[Tagging] Feature Proposal - RFC - boundary=forest(_compartment) relations

Brian M. Sperlongano zelonewolf at gmail.com
Tue Feb 9 15:24:09 UTC 2021


On Tue, Feb 9, 2021 at 9:58 AM Adam Franco <adamfranco at gmail.com> wrote:

> And you say "landuse=forest" and "natural=wood" both "would be edited to
>> emphasize the difference between these polygons boundaries, describing
>> actual, physical land state, and the administrative, management-related
>> boundaries of forestry areas/compartments."  Yet, these two wiki (forest
>> and wood) are almost hopelessly (I AM hopeful!) confused right now:  you
>> propose re-writing these?!
>
>
> Current tagging of landuse=forest is "hopelessly confused" with
> natural=wood because some mappers use landuse=forest mean "this is a
> forestry area" and others use it to mean "there are trees here" (land
> cover).
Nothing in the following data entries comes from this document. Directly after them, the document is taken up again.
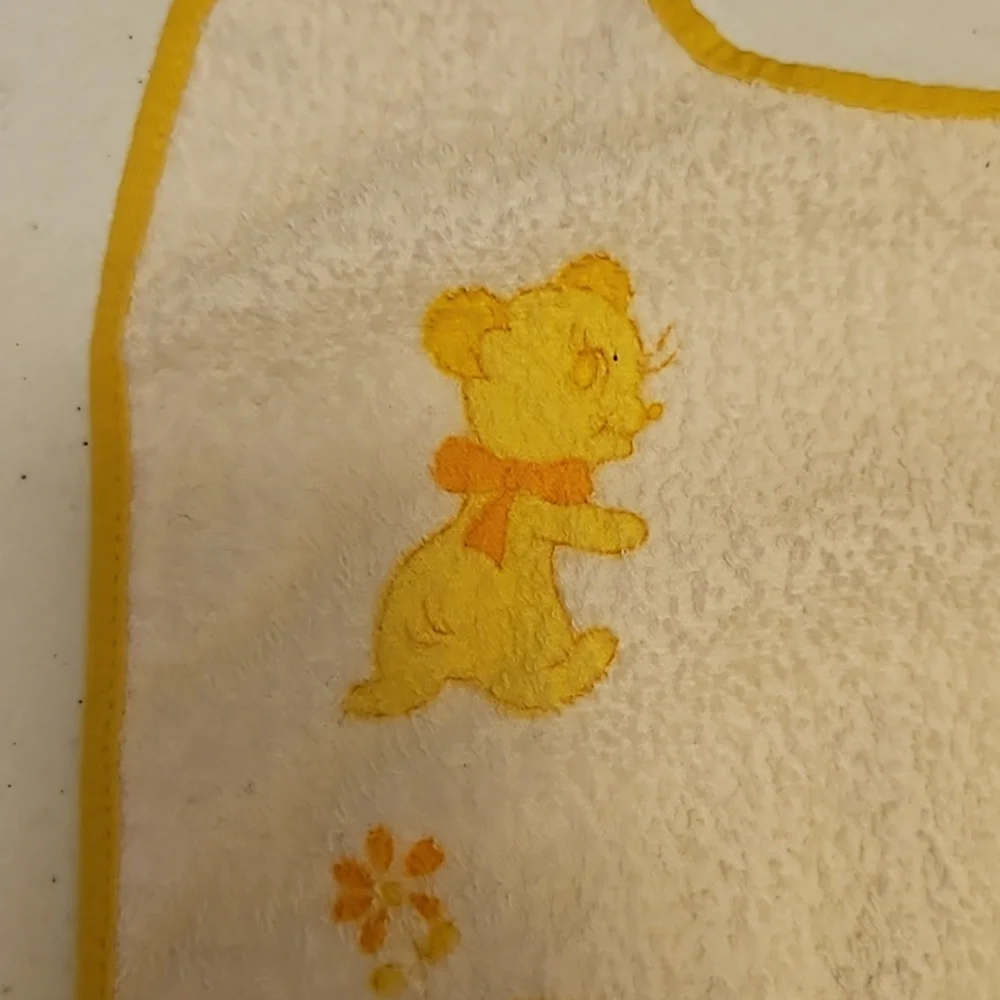 VINTAGE CARTERS BABY BIB YELLOW ORANGE WHITE
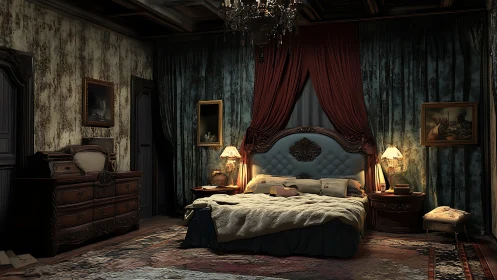Digital painting of a dimly lit vintage baroque bedroom interior.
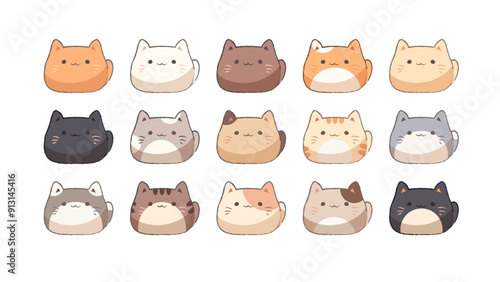  Kawaii cat heads in colors. Anime kittens, cute animals for game and design in Japanese style. Vector icons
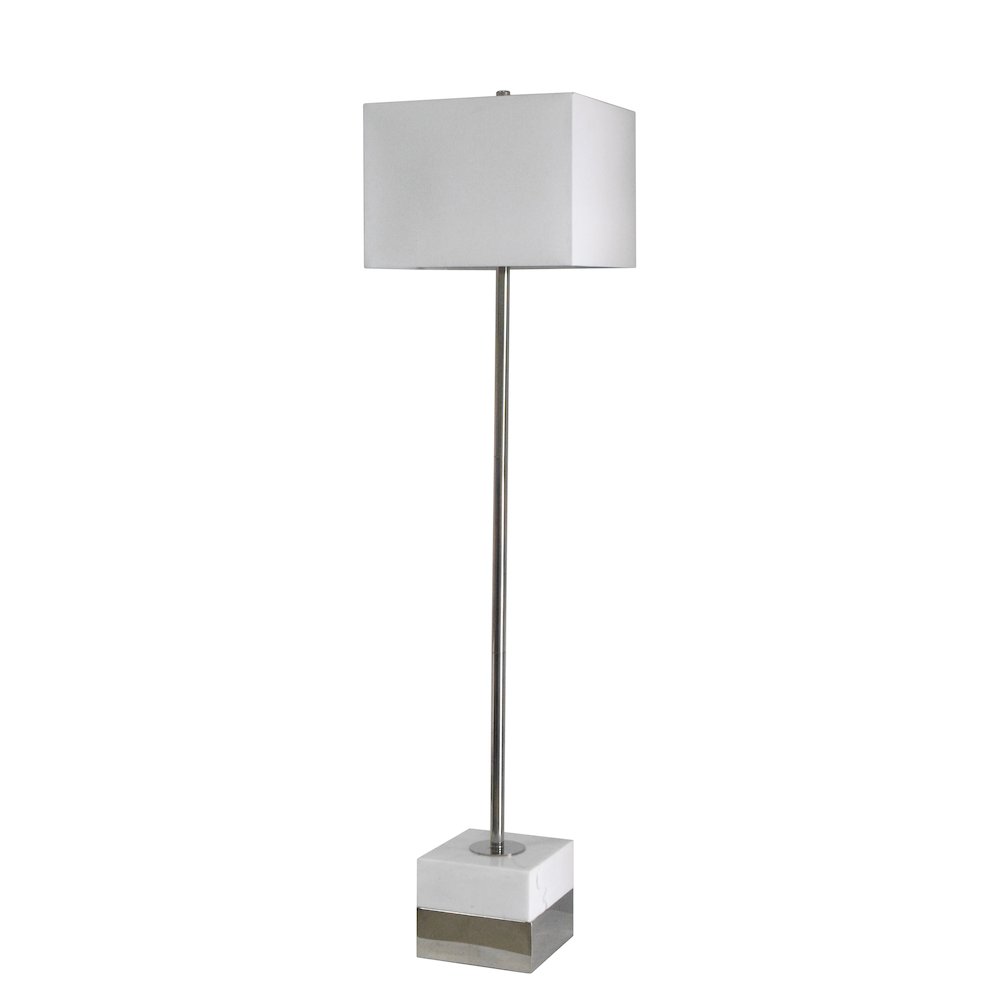 1-Light Polished Nickel Floor Lamp With A White Marble Base And A Shade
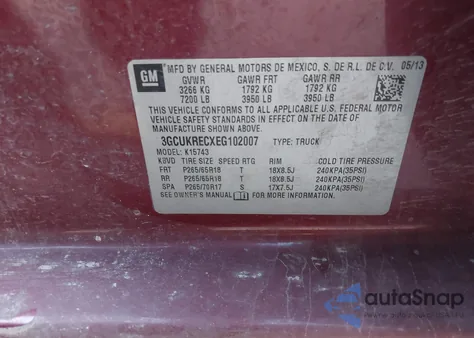 2014 Chevrolet Silverado 1500 2Lt z USA, uszkodzony, nr VIN 3GCUKRECXEG102007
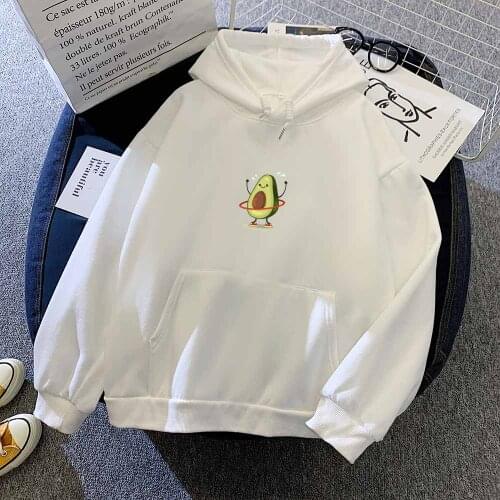 Avocado Print Plain White Sweatshirt Kawaii Hoodies with Pockets Soft Aesthetic Clothes Sweatshirts Y2K Fashion Streetwear Tops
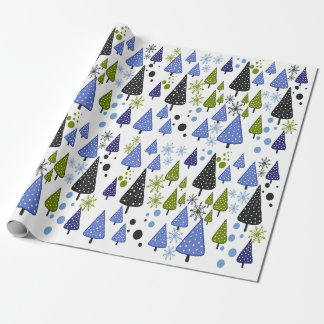 Papel de embrulho azul-verde da Floresta Pequena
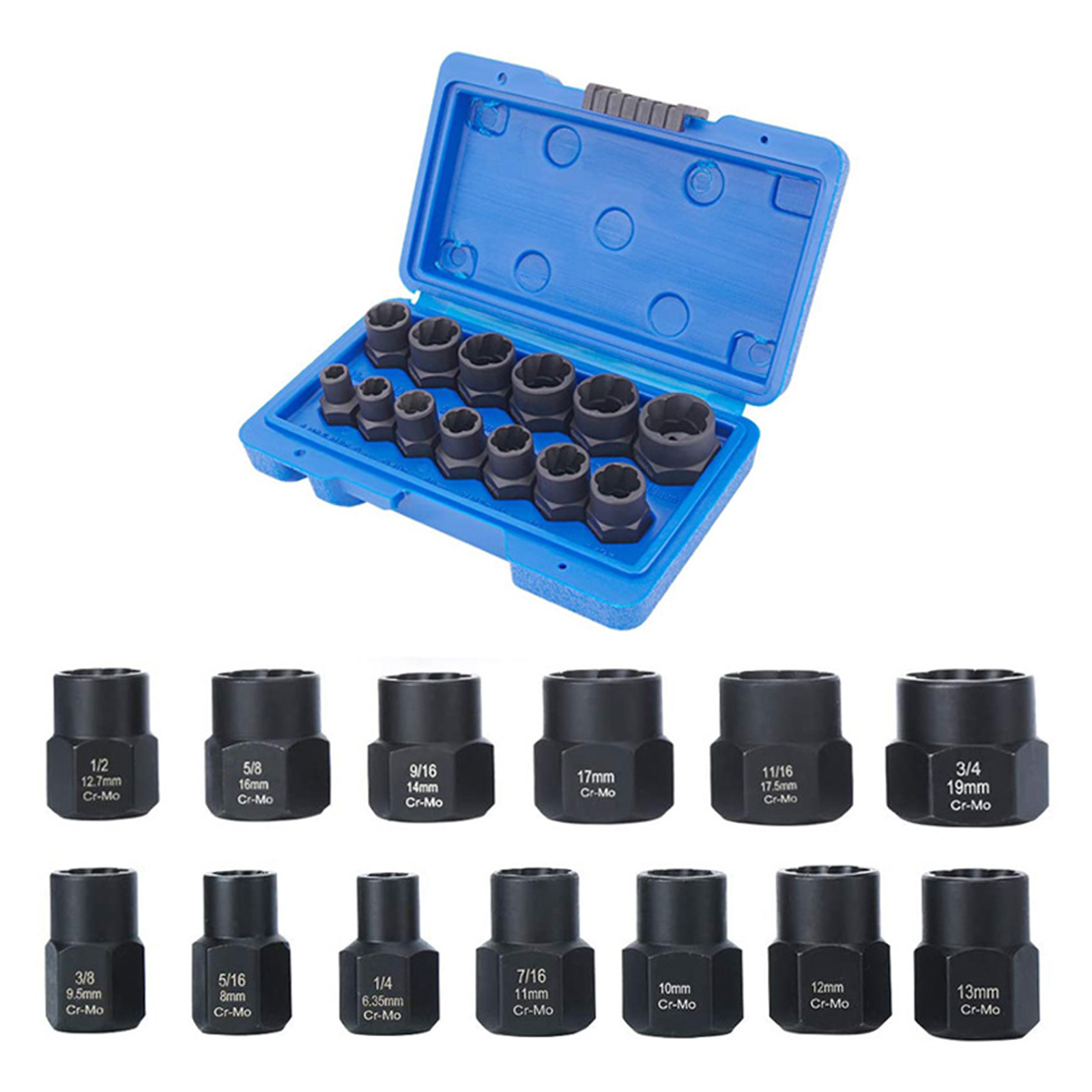 Impact Bolt Remover Set 3/8 Inch Bolt Remover Tool with Carrying Case Easy to Removing Damaged Rounded-Off Bolts Accessories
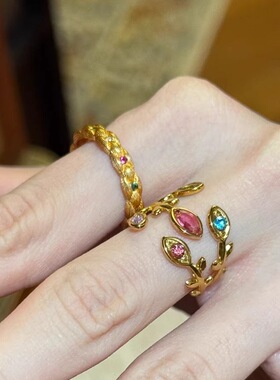 vintage中古花卉枝开口戒指女叠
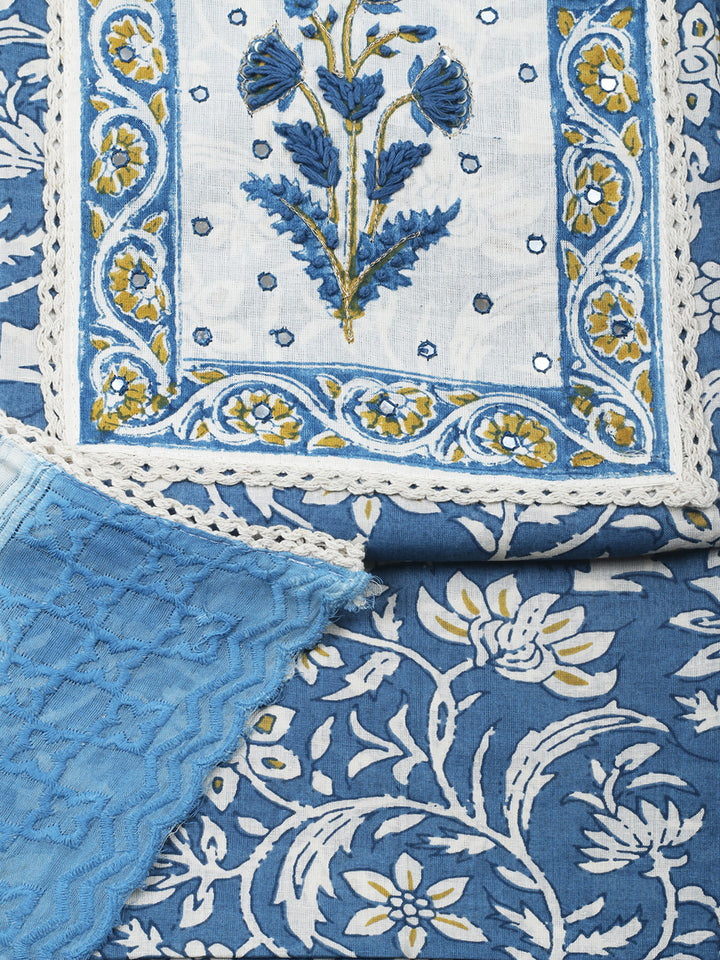 Printed Cotton Blend Unstitched Suit &amp; Pant With Cotton Dupatta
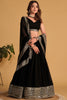 Elegant Black Georgette Designer Lehenga Choli with Embroidery Work and Matching Dupatta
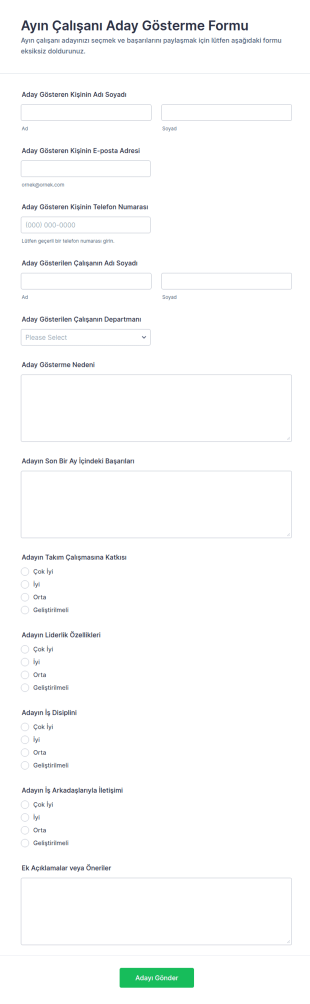 Çalışan Ayın En İyi Personeli Anketi 🎖️ Form Şablonu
Common rendering of landuse=forest with tree-fill makes usage of
> landuse=forest problematic for mapping "this is a forestry area" because
> forestry areas are not necessarily all covered in trees -- those trees may
> be harvested, there will be roads, lakes, scree, and other non-tree-covered
> land-areas within a "forestry area".
>
> This proposal to add boundary=forestry and boundary=forestry_compartment
> does not directly disentangle landuse=forest from natural=wood, but it
> *does* provide new, unambiguous tagging for "this is a forestry area
> where operator, ownership, and associated rules apply" that does not also
> imply anything about land cover. Without additions like those being
> proposed, there is simply no good way to tag managed forestry areas in a
> way that won't be broken by future mappers who don't want to see trees
> covering lakes.
>
> If this proposed tagging takes off and existing landuse=forest that is
> trying to map managed forestry areas gets updated to this more precise
> tagging, then landuse=forest can stop trying to do double duty as a
> designation of managed forestry areas and just be what it is in practice --
> some version of "there are trees here, maybe the hand of man is involved".
>

I dislike the idea that we should introduce a new tag to fix a problem
tagging scheme, but not simultaneously remove (read: deprecate and
gradually remove over time) the old tagging scheme.  This is exactly the
problem we're now dealing with for landuse=reservoir.  If a new tag
replaces an old tag, we must have an approach for the removal of the old
tag, otherwise we add more needless deprecation.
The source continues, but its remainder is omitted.